The COVID-19 lockdown has devastated the economy of Washington state and imposed enormous pain on working families. One million people, in a state of 7.6 million, have filed for unemployment benefits. Revenue from future sales and business taxes, the largest sources of money for the state, is expected to drop precipitously.
Legislative leaders are discussing a special session to make needed cuts in the planned rate of spending to balance the state budget. Some entrenched interests, however, want special protection from COVID-related budget changes.
In Tuesday’s interview with Austin Jenkins on TVW’s Inside Olympia show, Senator Christine Rolfes (D-Bainbridge), Chair of Senate Ways and Means Committee, said she expects one to 1.5 billion dollars of cuts in future spending will be needed. Then she indicated that some parts of the budget would be off limits for review. Favored groups that benefit from this public spending, like the powerful WEA union, no doubt would like to “shelter in place” when it comes to budget pain.
She indicated (at 14:46): “Let’s for the sake of argument, let’s say it is a $50 billion two-year budget, a little bit more than half of the budget is for the K-12 schools, for the school system, so that constitutionally cannot be cut.”
That is not exactly true. The courts have ruled that state lawmakers define the program of public education and fund it, so constitutionally the legislature can adjust the education system and spending levels whenever needed.
And public schools are getting more-than-ample funding. School spending has more than doubled in 10 years – rising from $13.5 billion in 2011-13 to $27.3 billion today. Average teacher pay is now $84,400 a year, plus Cadillac health and retirement benefits. (Average worker pay in the private sector is around $60,000, that is for those who have jobs.) In just the last three years, average teacher pay has seen a windfall, increasing by 18 percent.

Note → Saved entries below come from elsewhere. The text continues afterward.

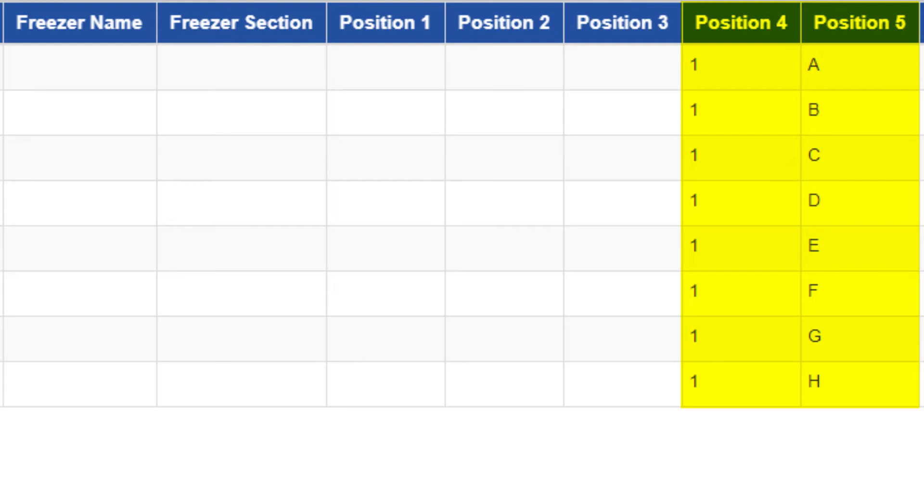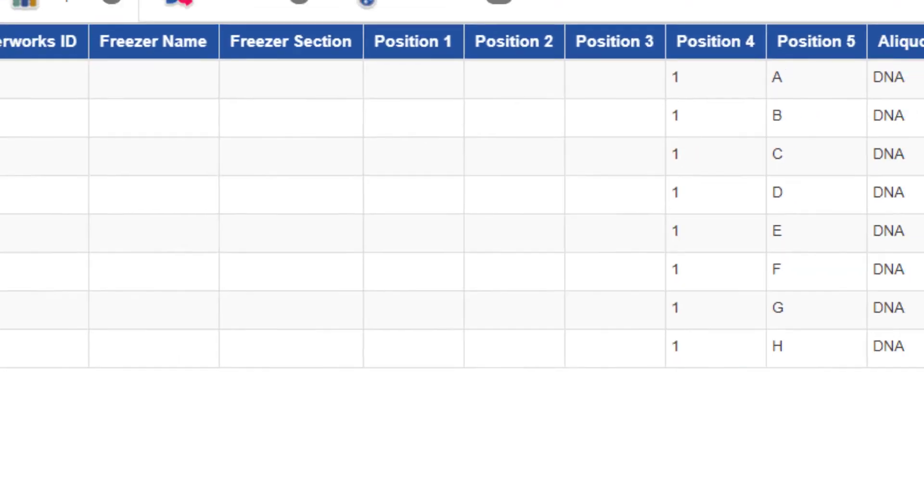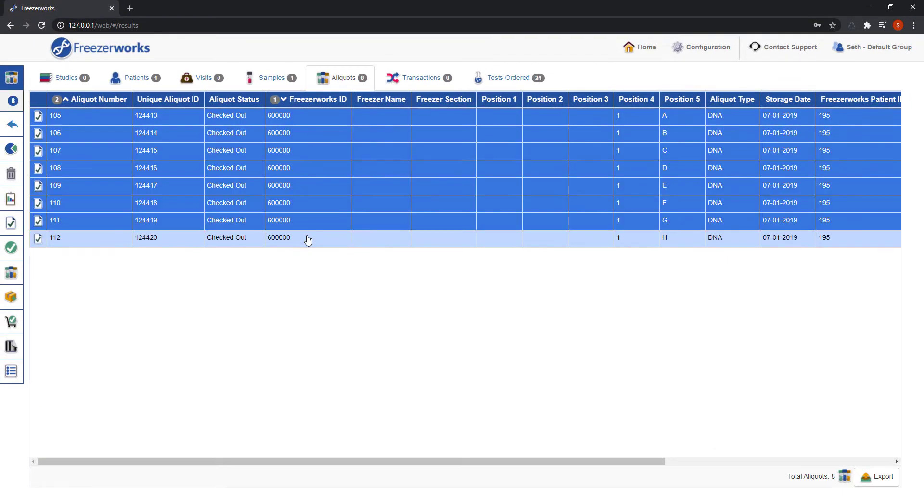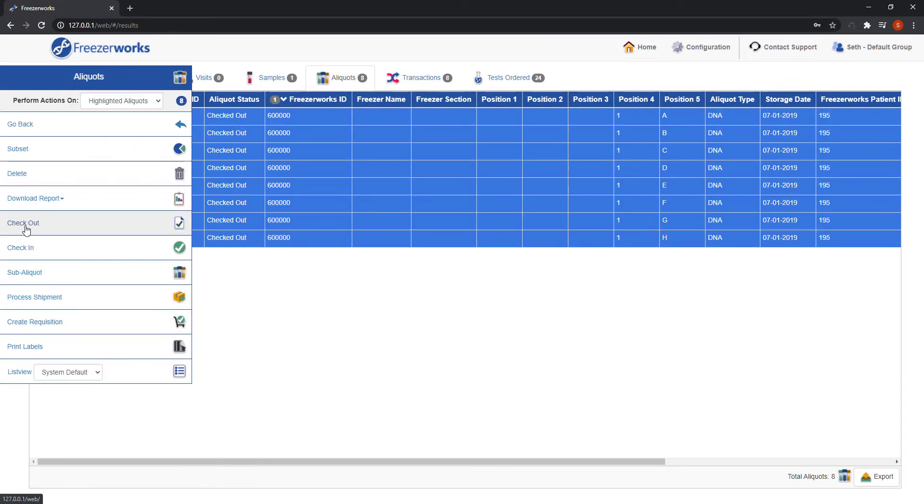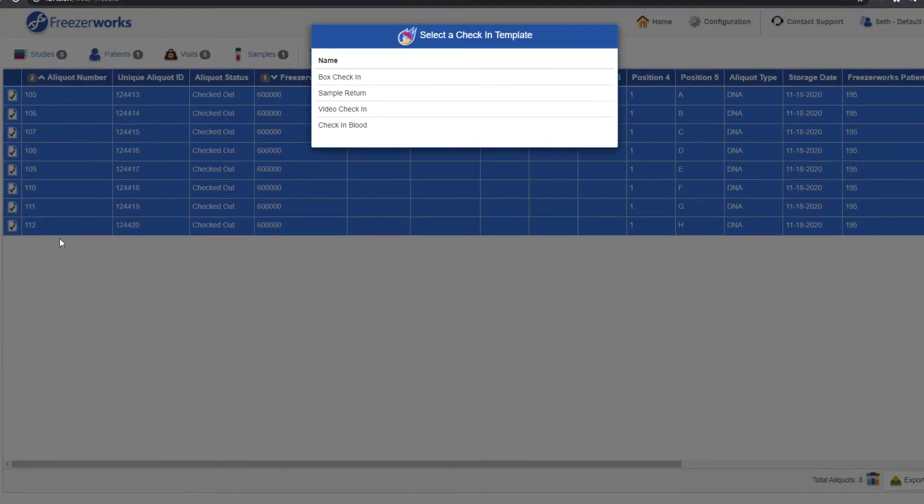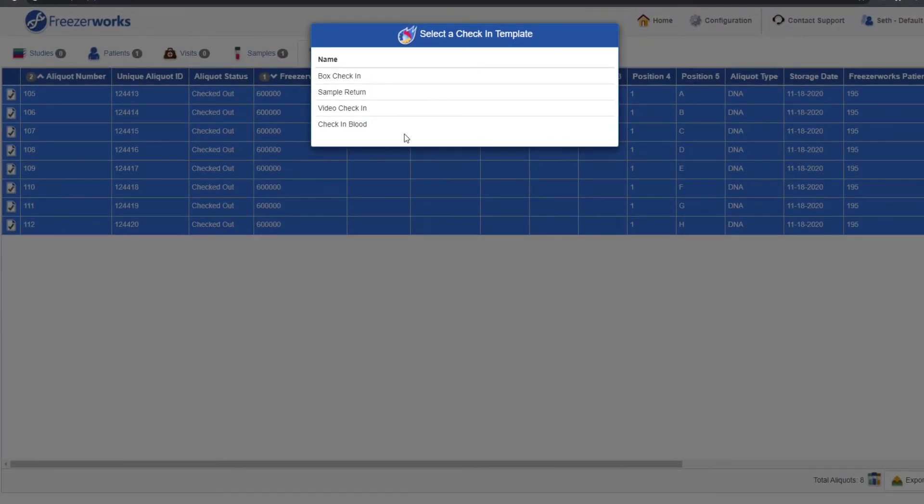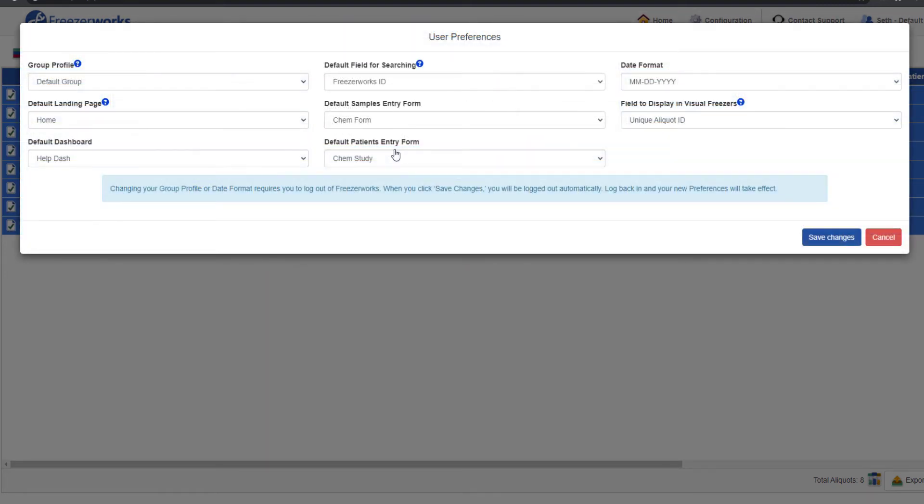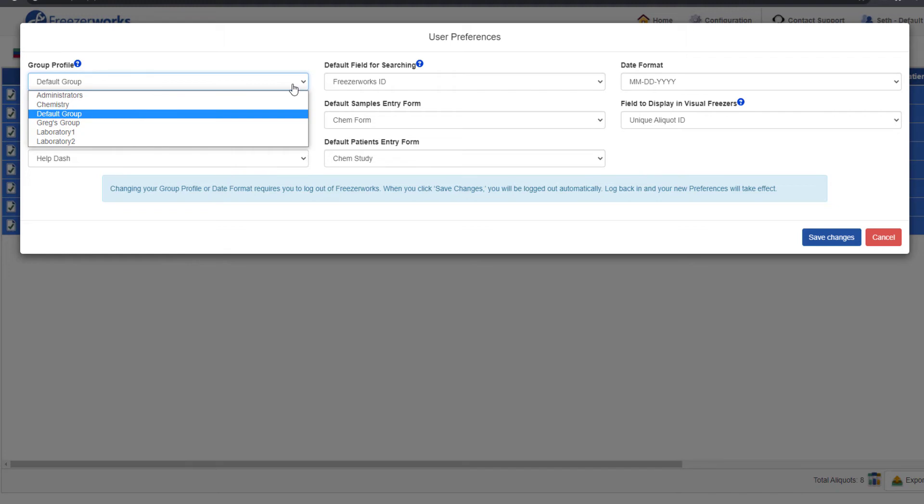When we check them back in, they will keep their final position values, even if we find a new freezer for them. Let's highlight them, hover over the actions menu, and select check-in this time. Pick the desired check-in workflow template from the list. Remember that if you don't see the template you need, check your group profile. Workflow availability is based on group membership.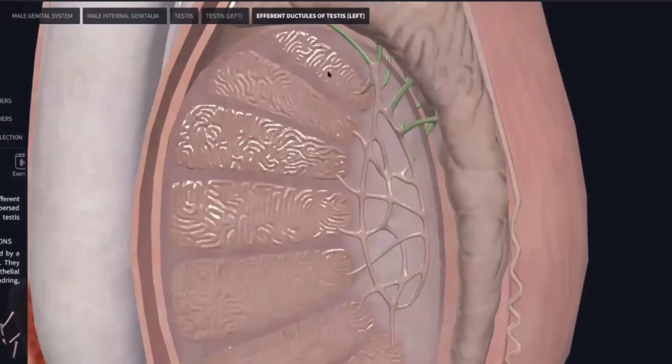This is the low view of the testicles. Then from the rete testis, the efferent ductules lead to the epididymis.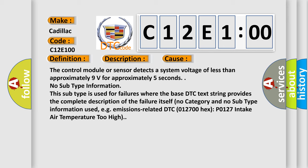For example, emissions-related DTC 012700 hex P0127, intake air temperature too high.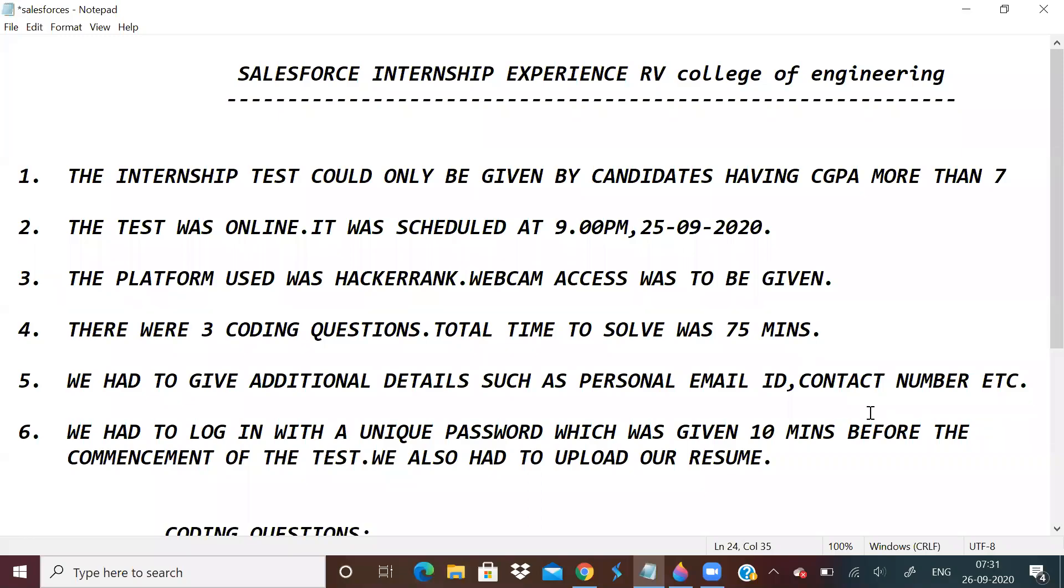Hi everyone. In this video, I'll be sharing my Salesforce internship experience. I'm a student at RV College of Engineering in Bengaluru, and we had an on-campus internship.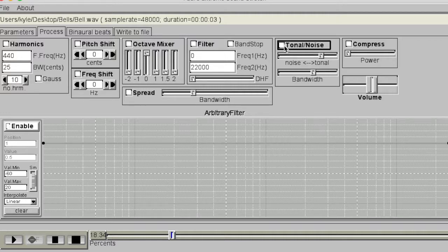The Process tab also includes a compressor, pitch and frequency shift, and a bandpass filter — all of which is pretty self-explanatory.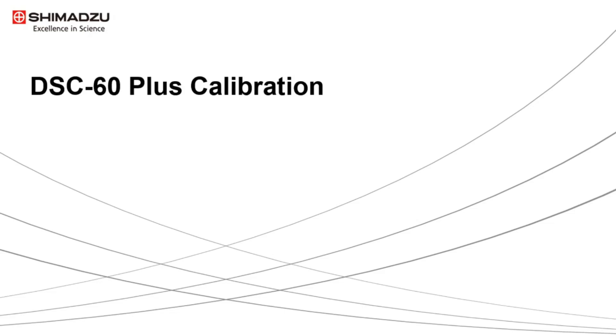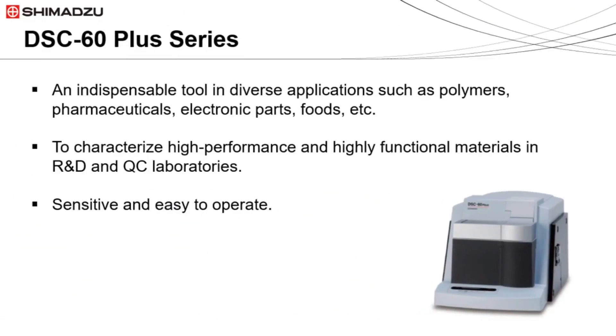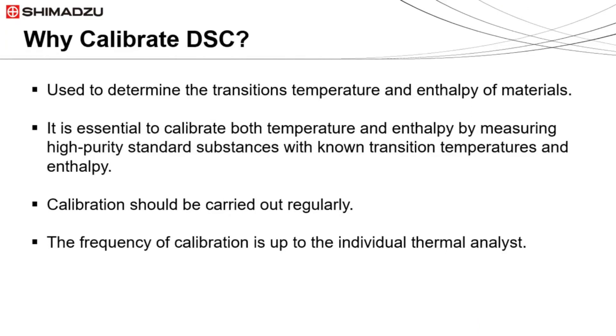In this video we will show you the calibration procedure for DSC-60 Plus differential scanning calorimeter. The DSC-60 Plus can be used to characterize and develop high performance functional materials in R&D and quality control laboratories. It is also sensitive and easy to operate. To obtain accurate temperature and enthalpy results, it is essential to calibrate the DSC regularly.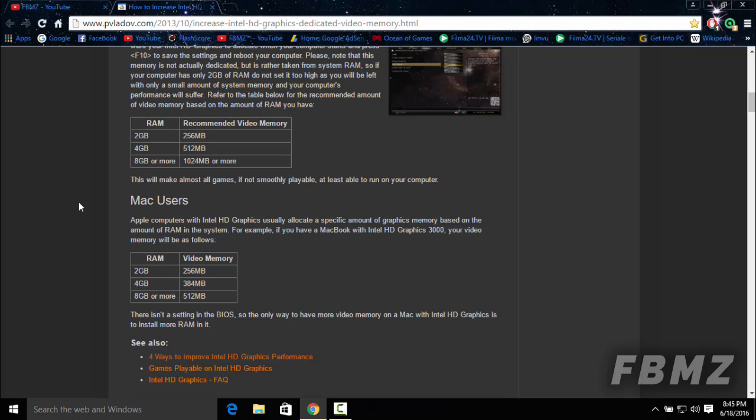For Mac users, you can't change it. Basically, there is no graphics configuration on the BIOS. So the only way to have more dedicated video memory is to just install more RAM on your Mac. That's all guys, that's all I've got to say right now.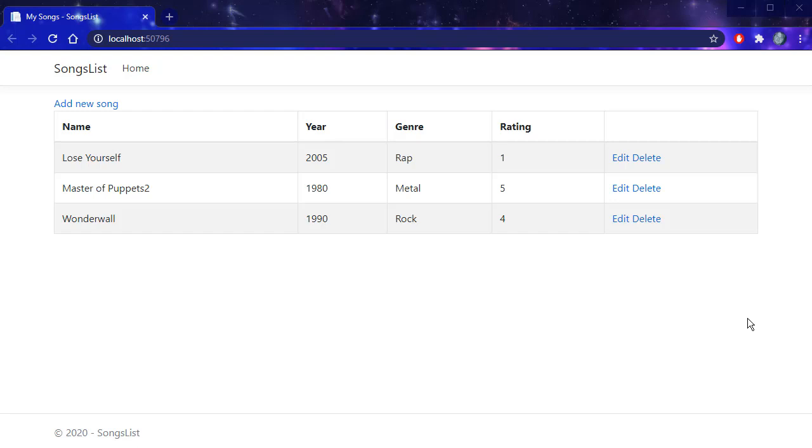In this project we are going to start working with an actual database. We are going to install Entity Framework and create some migrations and create tables in our database. We are going to work with two tables, one for the songs and one for the genre. I will show you how to link these two tables together using a foreign key.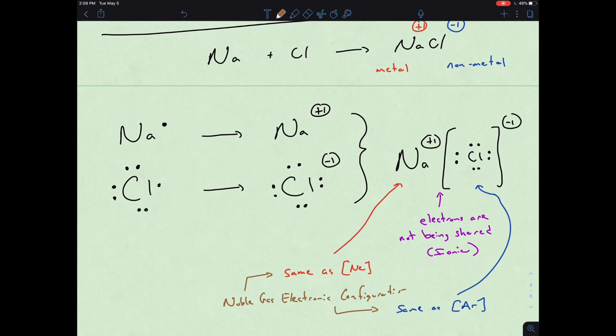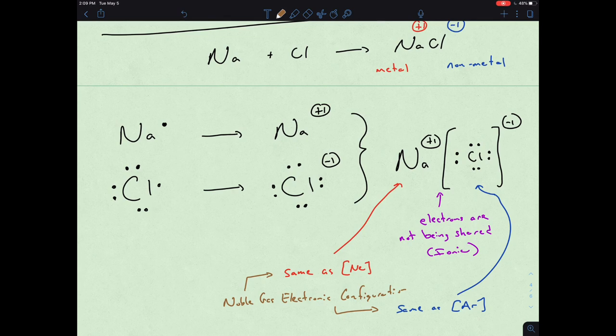Now let's get into nomenclature. We have some molecules and a vague idea about Lewis dot theory and how these elements are coming together. We have ionic molecules with ionic bonding and covalent molecules with covalent bonding. Now we have to start naming molecules, so let's look at the nomenclature of inorganic compounds first.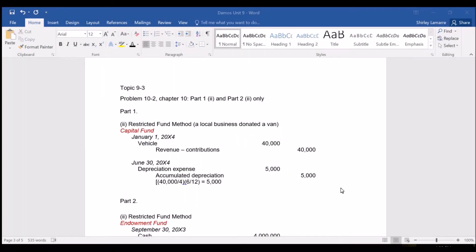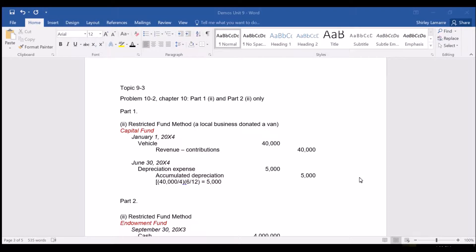In this demo we review problem 10-2 from chapter 10 of the text and we focus on the restricted fund method only. Let's take a look at the first transaction of the donation of a van by a local business.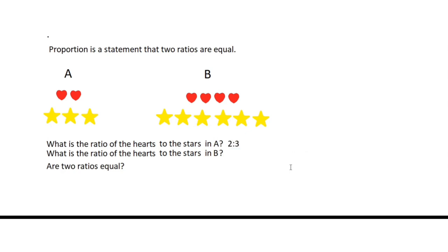For question number two, what is the ratio of hearts to the stars in B? Since here we have four hearts and six stars, the ratio of hearts to stars in B is 4 is to 6.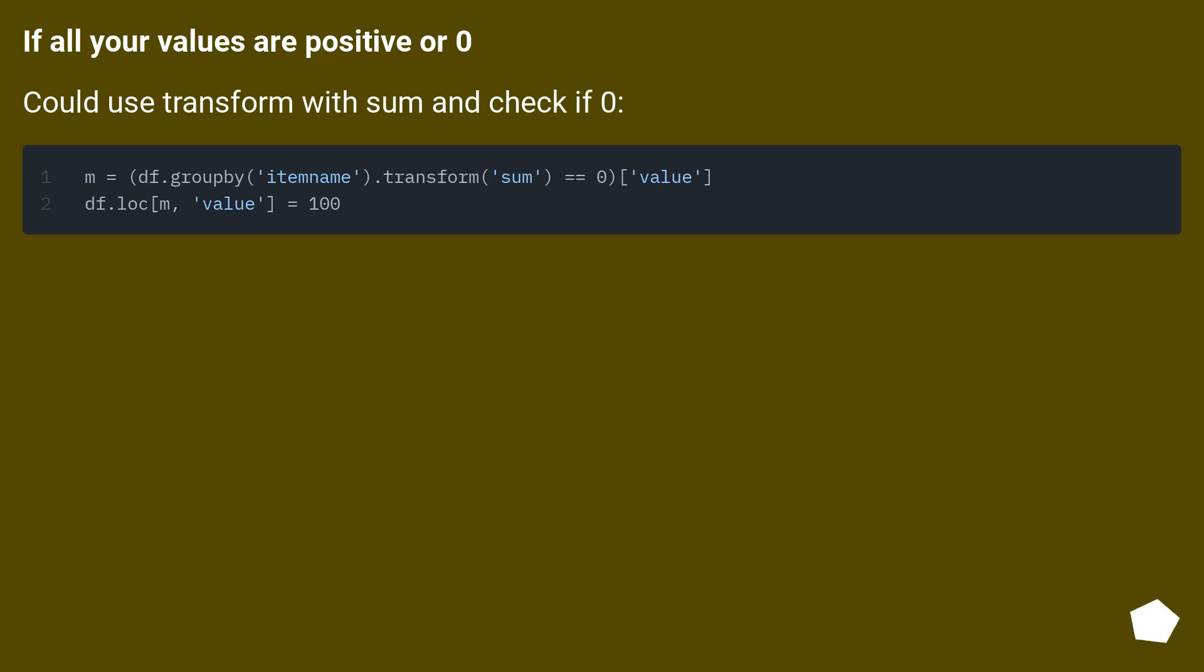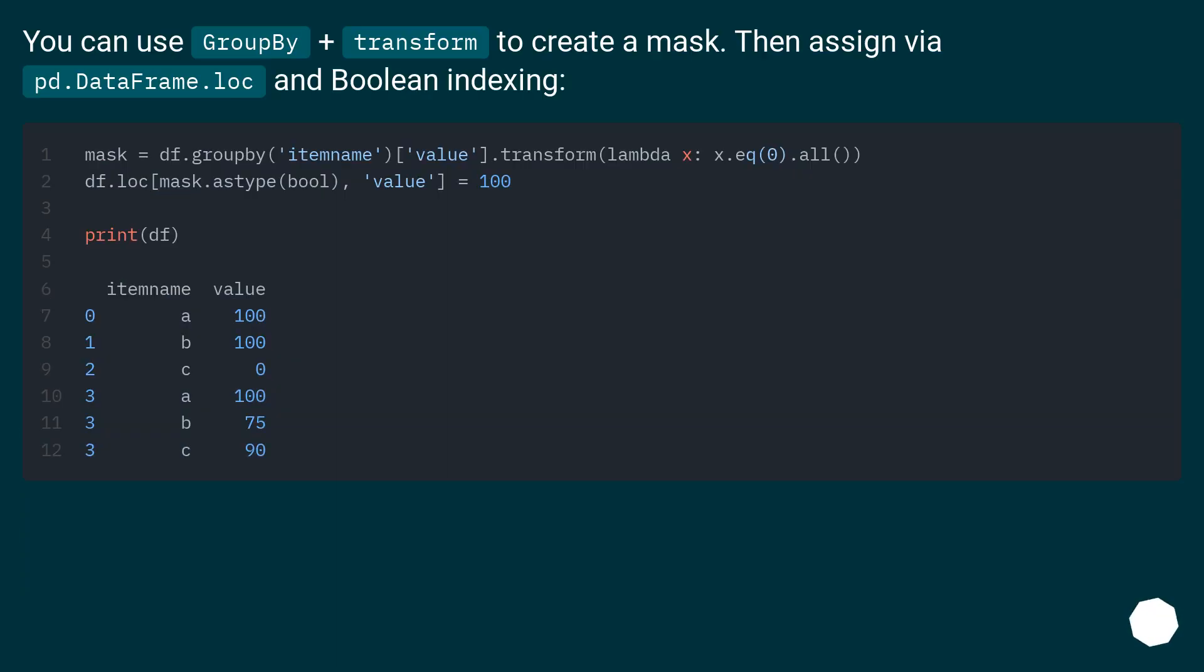If all your values are positive or 0, could use Transform with Sum and check if 0. You can use Groupby plus Transform to create a mask. Then assign via pd.dataframe.lock and boolean indexing.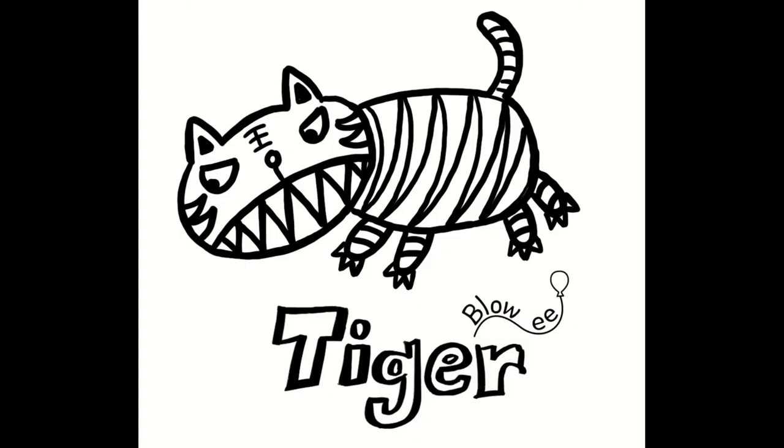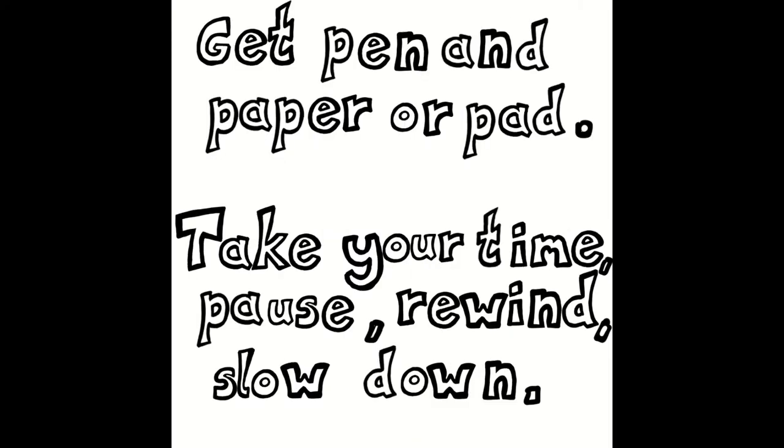Hello. Today we are going to draw a simple tiger. So get your pens ready and let's begin.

The governor and state lawmakers realize that everyone has to help balance the budget. They are considering cancelling the three percent pay raise state employees are due to get in July, and possibly cancelling the last raise too.
In the same way, it would not be unreasonable for lawmakers to trim teacher pay by three percent. For the average teacher, that would leave a yearly salary of $81,000, plus health and retirement benefits.
These are tough times for working families. The pay of many Washingtonians has been cut 100%, to zero. Businesses have gone bankrupt, and others are struggling to survive. For the WEA union to avoid participating in cuts is a slap at unemployed people and the hardworking taxpayers of our Washington state.
We are all in this together. When it comes to solving the state’s budget problems everything should be on the table. The education budget should be considered along with all other spending, because there is no reason the WEA union should get special treatment.